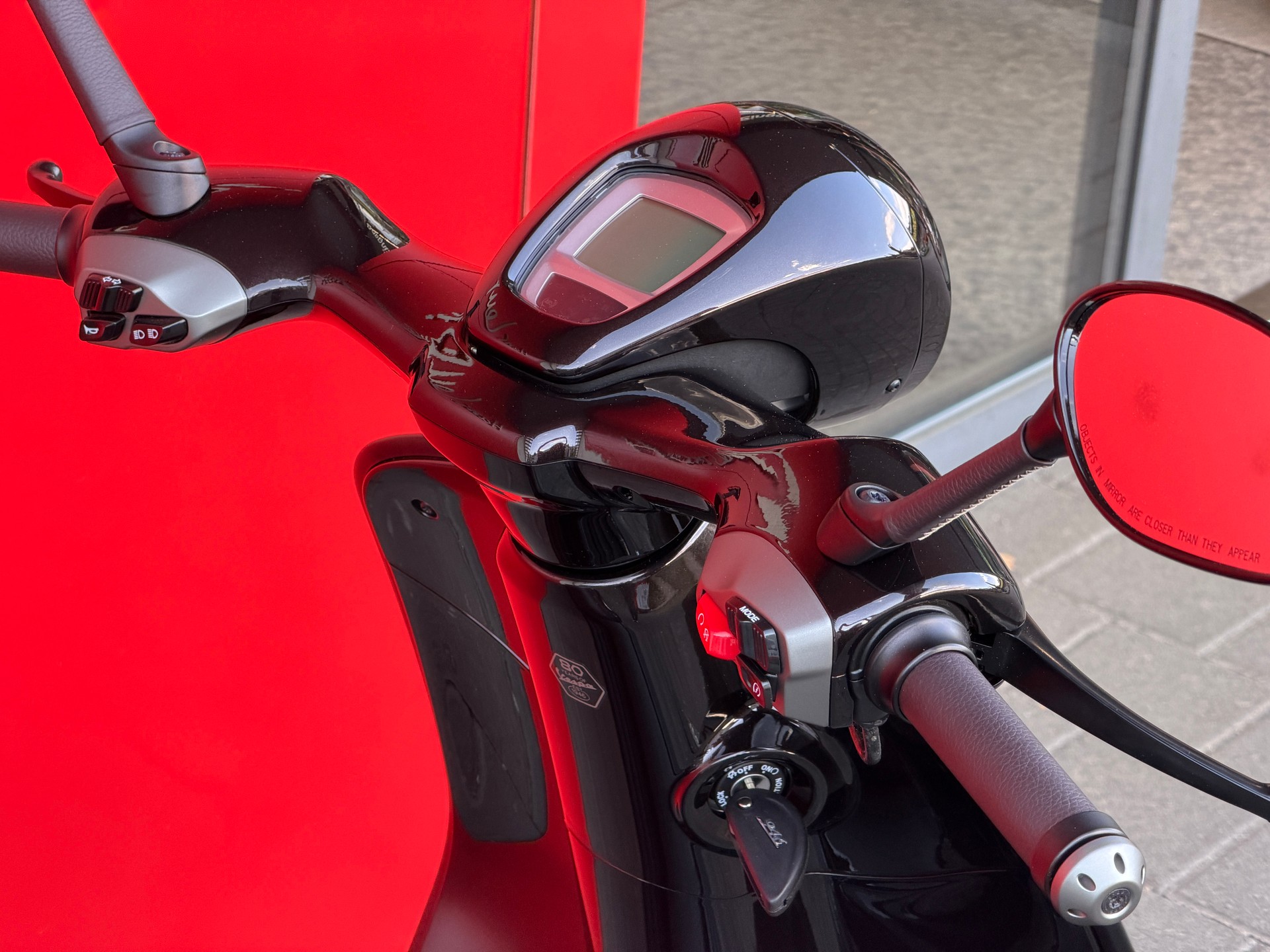 PIAGGIO Vespa 946 Horse - 7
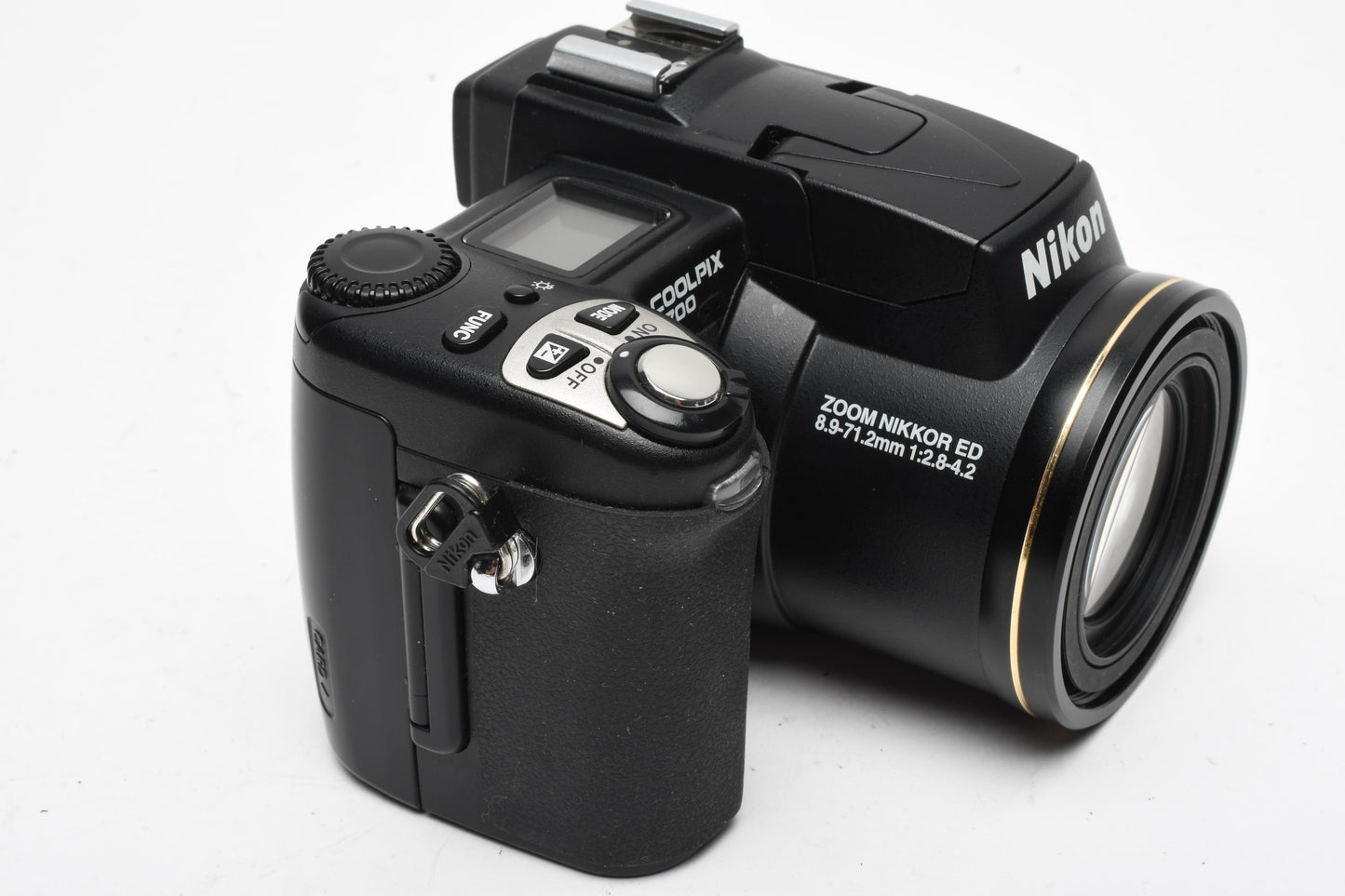 Nikon Coolpix 5700 5MP Digital Point&Shoot camera, 1GB CF, Manual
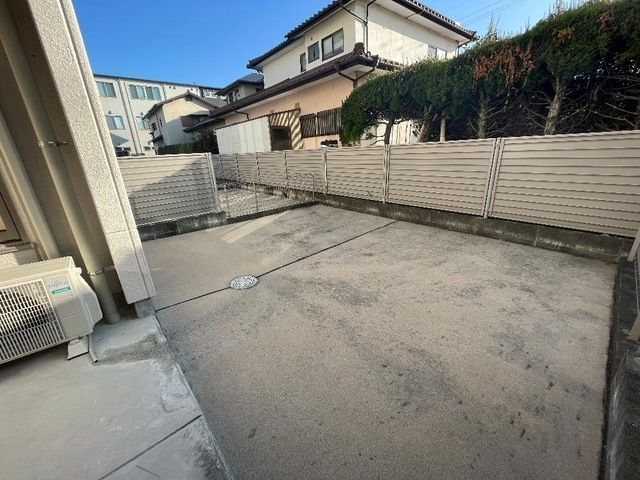 ユニヴァリィ　ルミナス ベランダ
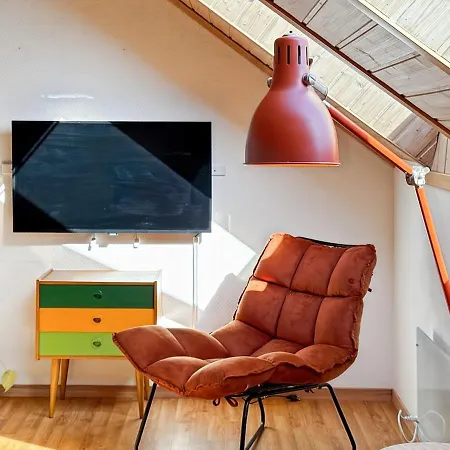 Διαμέρισμα Scenic Escape - Loft 33 *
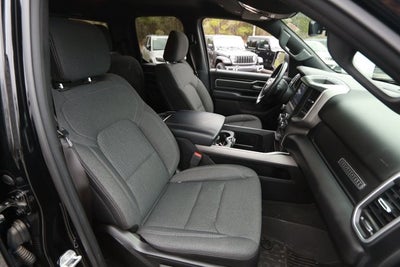 2020 RAM 1500 Big Horn Quad Cab 4x2 6'4' Box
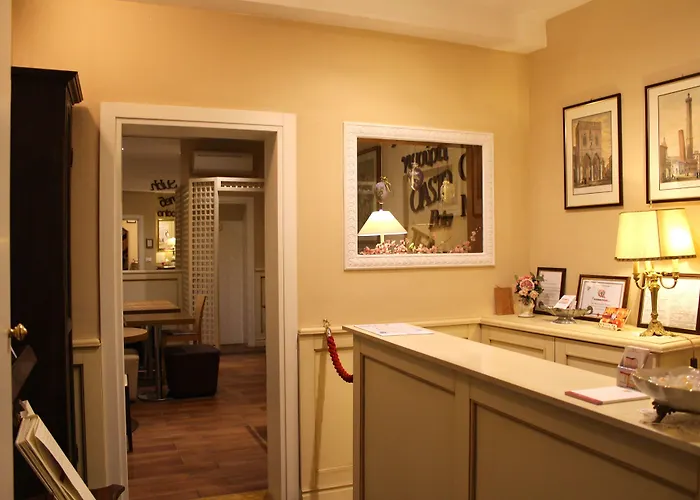 בית הארחה Casa Miramonte 4*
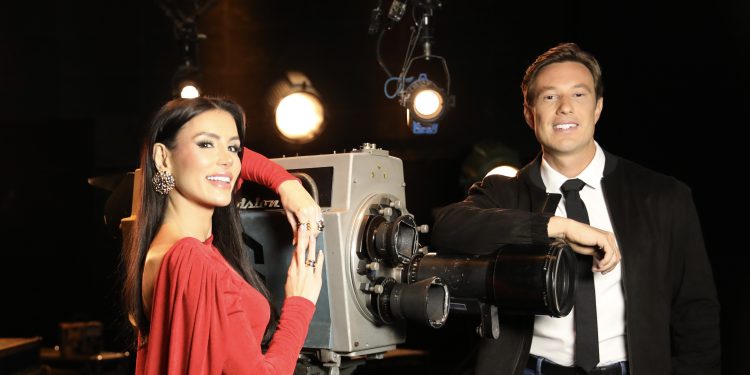 Gaby Cabrini e Gabriel Cartolano vão comandar atração que revisitará fatos marcantes dos 45 anos do SBT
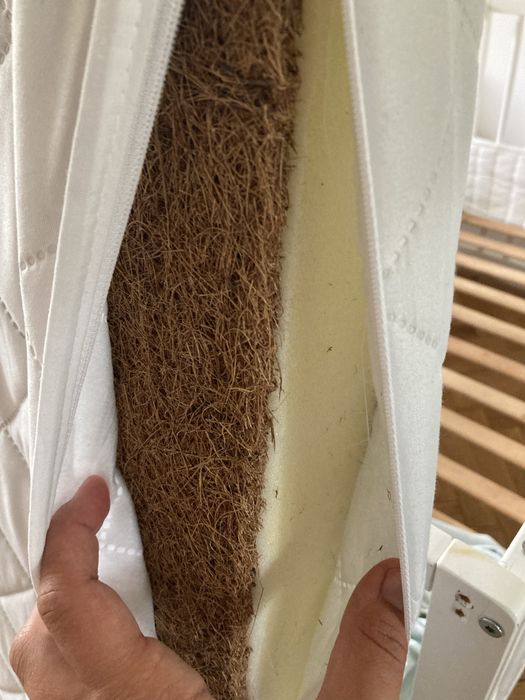 Pat bebelus cu saltea de cocos si protectii laterale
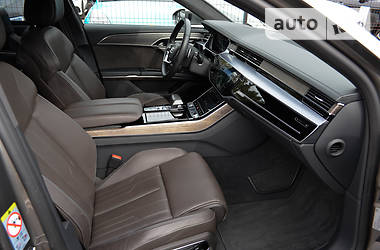 Седан Audi A8 2017 в 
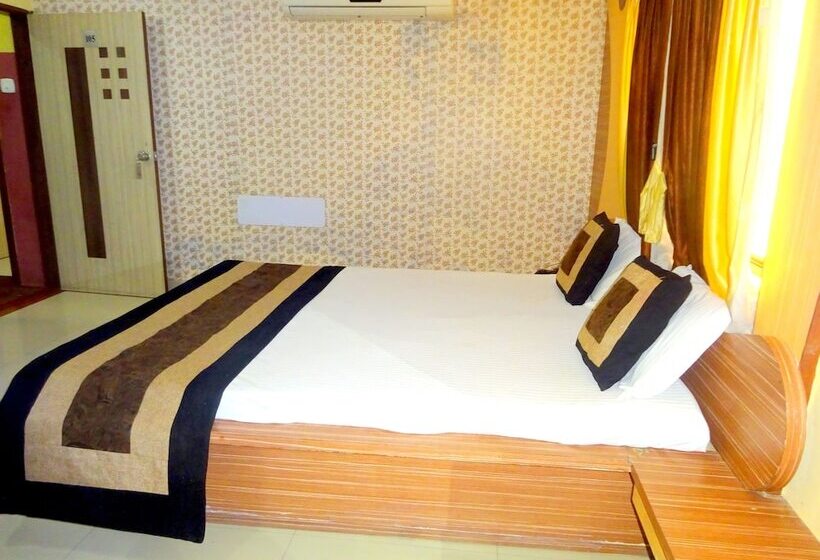 Hotel Raj Palace By Sky Stays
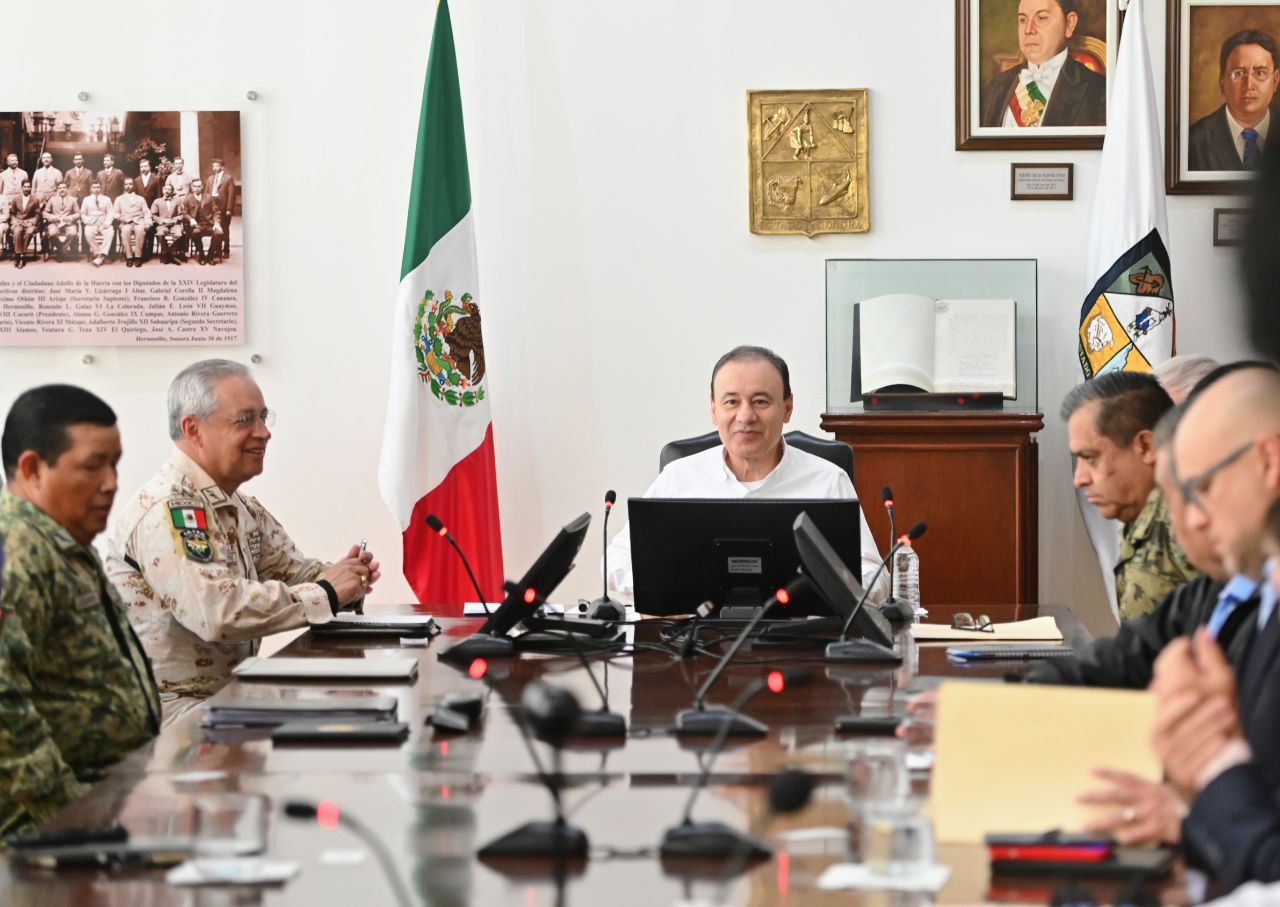 El gobernador Alfonso Durazo con el Gabinete de Seguridad.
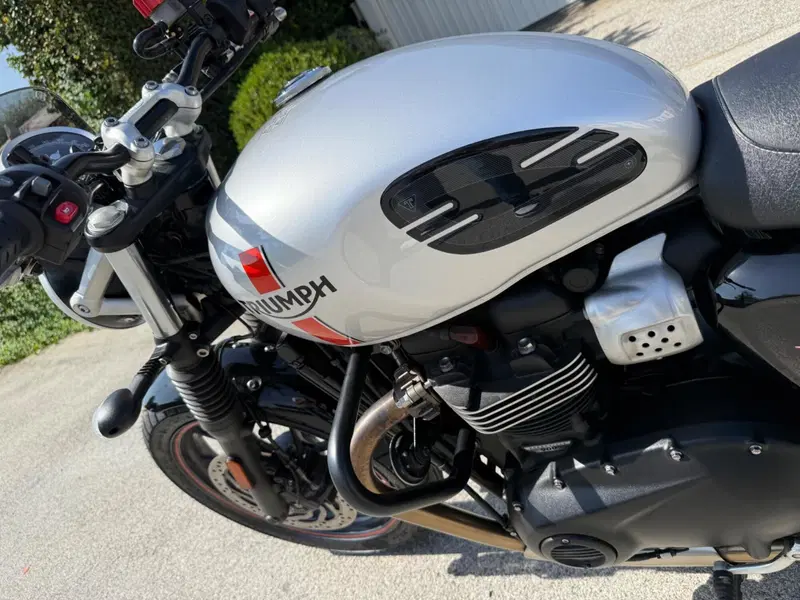 Triumph Street Twin 900 (2016) (6)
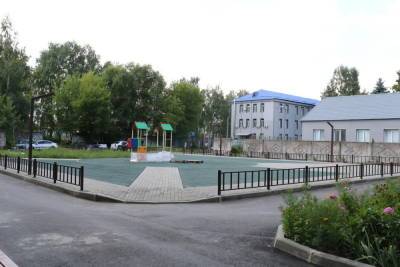 Ремонт двора по улице Володарского в Брянске близится к финалу - mk.ru - Брянск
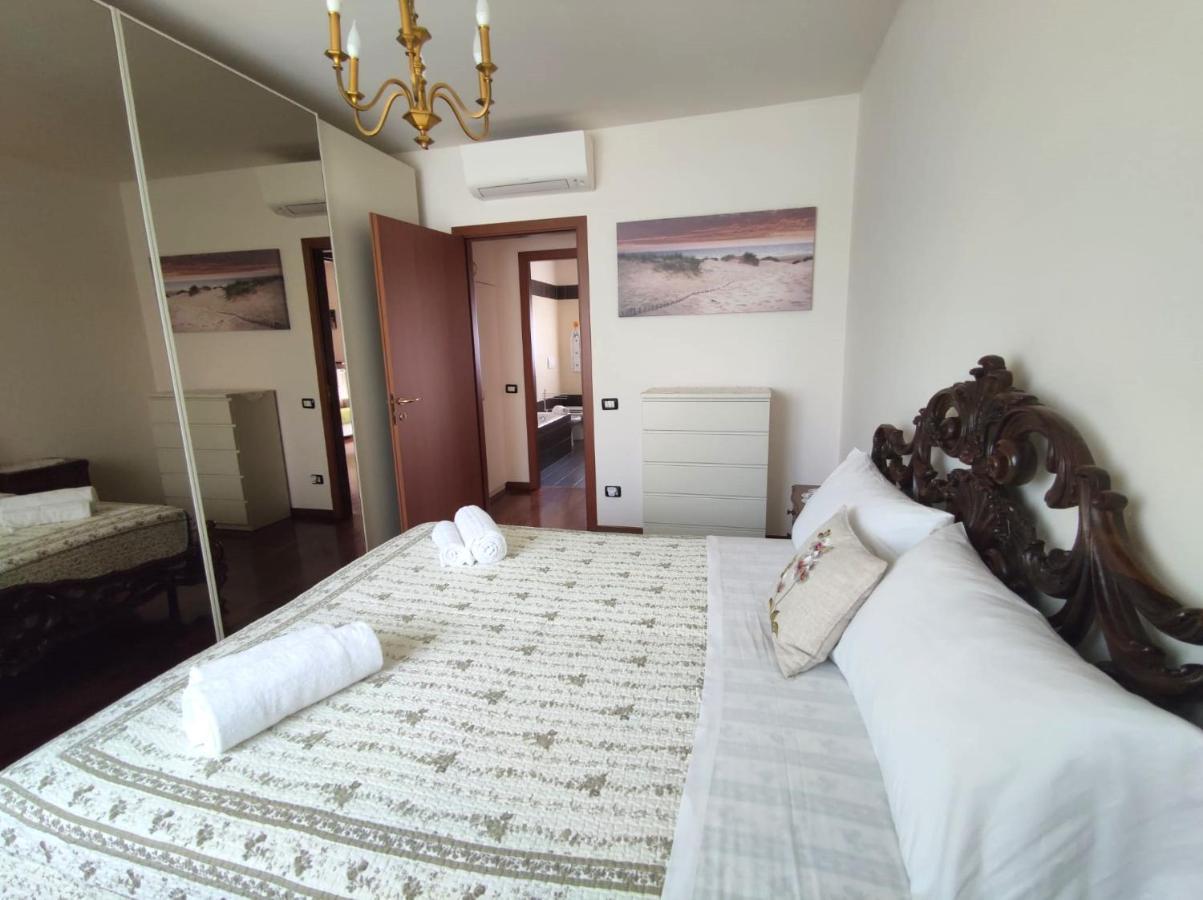 Appartamento Magnolia - Immobili E Soluzioni Rent Bergamo Eksteriør billede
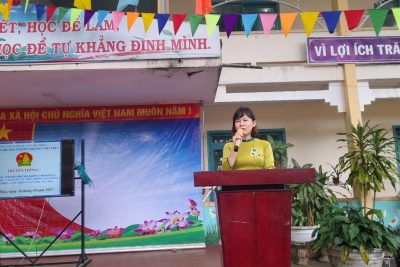 Sinh hoạt Theo chủ đề” Xây dựng tình bạn đẹp, nói không với bạo lực học đường, cách ứng xử trên không gian mạng và nghiện game online” năm học 2023 -2024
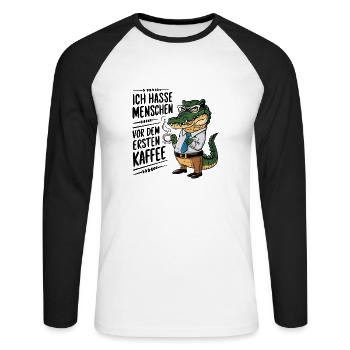 Erst Kaffee grantiges Krokodil mit Kaffeetasse - Unisex Baseballshirt langarm - Weiß/Schwarz - Vorne - Nik (191cm)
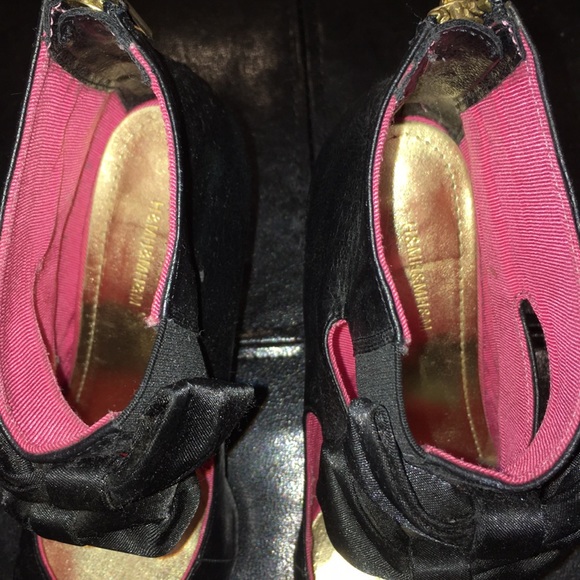 Stiletto High Heels with Bows - Picture 6 of 8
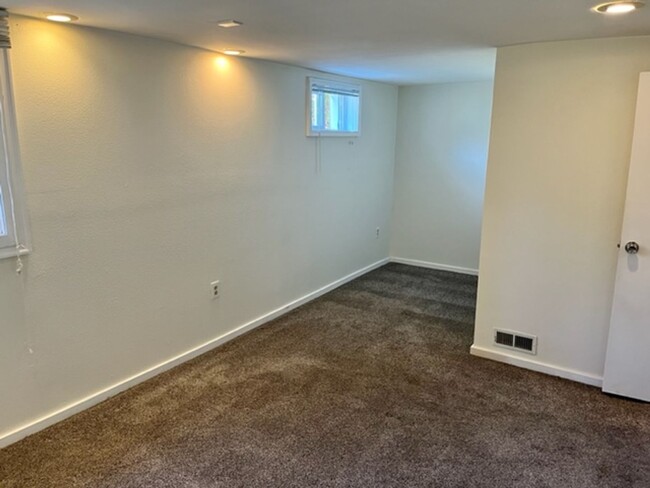 Building Photo - YUNG DUPLEX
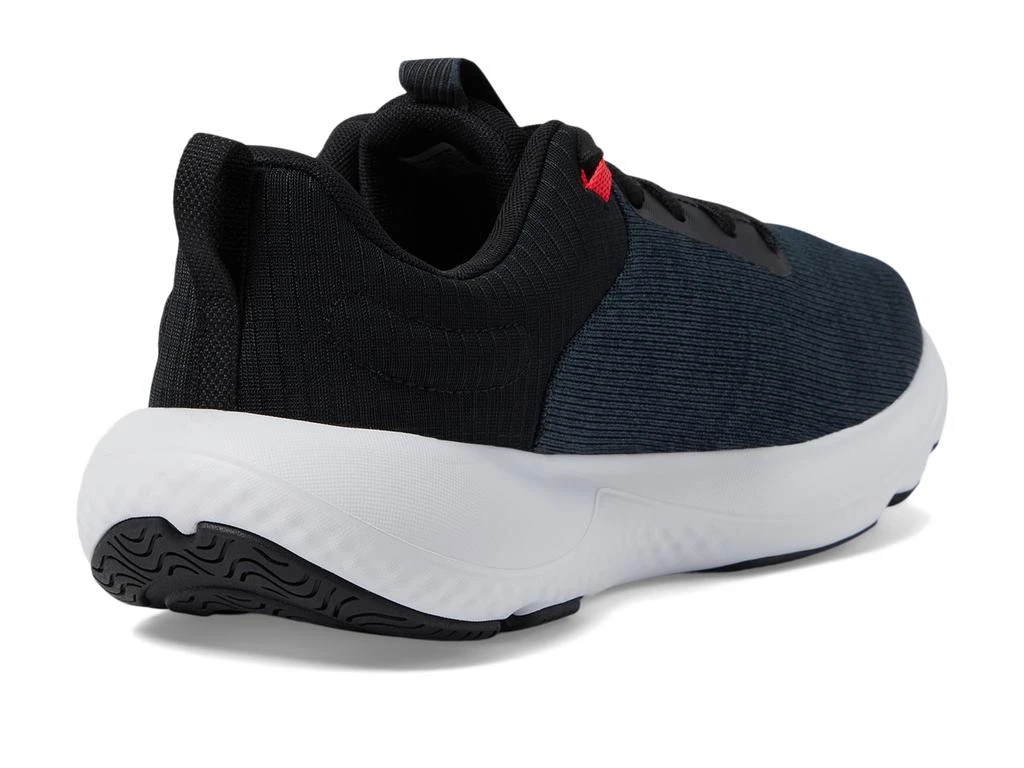 Under Armour Charged Revitalize 5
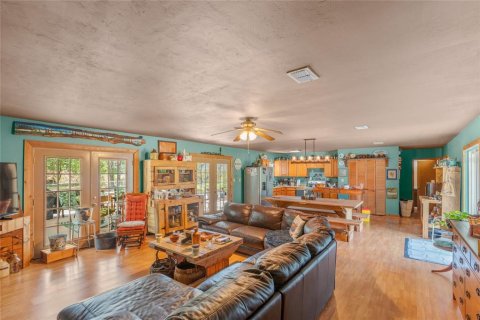 House in Brooker, Florida 3 bedrooms, 145.48 sq.m. № 2100701 - photo 25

□ □ □ □ □

Problem to work on: Leave every picture out and retype exactly the lines of the records above from the one holding "Διαμέρισμα Scenic Escape - Loft 33 *" through the last, both ends included and nothing besides.

Exercise result:
 Διαμέρισμα Scenic Escape - Loft 33 *
 2020 RAM 1500 Big Horn Quad Cab 4x2 6'4' Box
 בית הארחה Casa Miramonte 4*
 Gaby Cabrini e Gabriel Cartolano vão comandar atração que revisitará fatos marcantes dos 45 anos do SBT
 Pat bebelus cu saltea de cocos si protectii laterale
 Седан Audi A8 2017 в 
 Hotel Raj Palace By Sky Stays
 El gobernador Alfonso Durazo con el Gabinete de Seguridad.
 Triumph Street Twin 900 (2016) (6)
 Ремонт двора по улице Володарского в Брянске близится к финалу - mk.ru - Брянск
 Appartamento Magnolia - Immobili E Soluzioni Rent Bergamo Eksteriør billede
 Sinh hoạt Theo chủ đề” Xây dựng tình bạn đẹp, nói không với bạo lực học đường, cách ứng xử trên không gian mạng và nghiện game online” năm học 2023 -2024
 Erst Kaffee grantiges Krokodil mit Kaffeetasse - Unisex Baseballshirt langarm - Weiß/Schwarz - Vorne - Nik (191cm)
 Stiletto High Heels with Bows - Picture 6 of 8
 Building Photo - YUNG DUPLEX
 Under Armour Charged Revitalize 5
 House in Brooker, Florida 3 bedrooms, 145.48 sq.m. № 2100701 - photo 25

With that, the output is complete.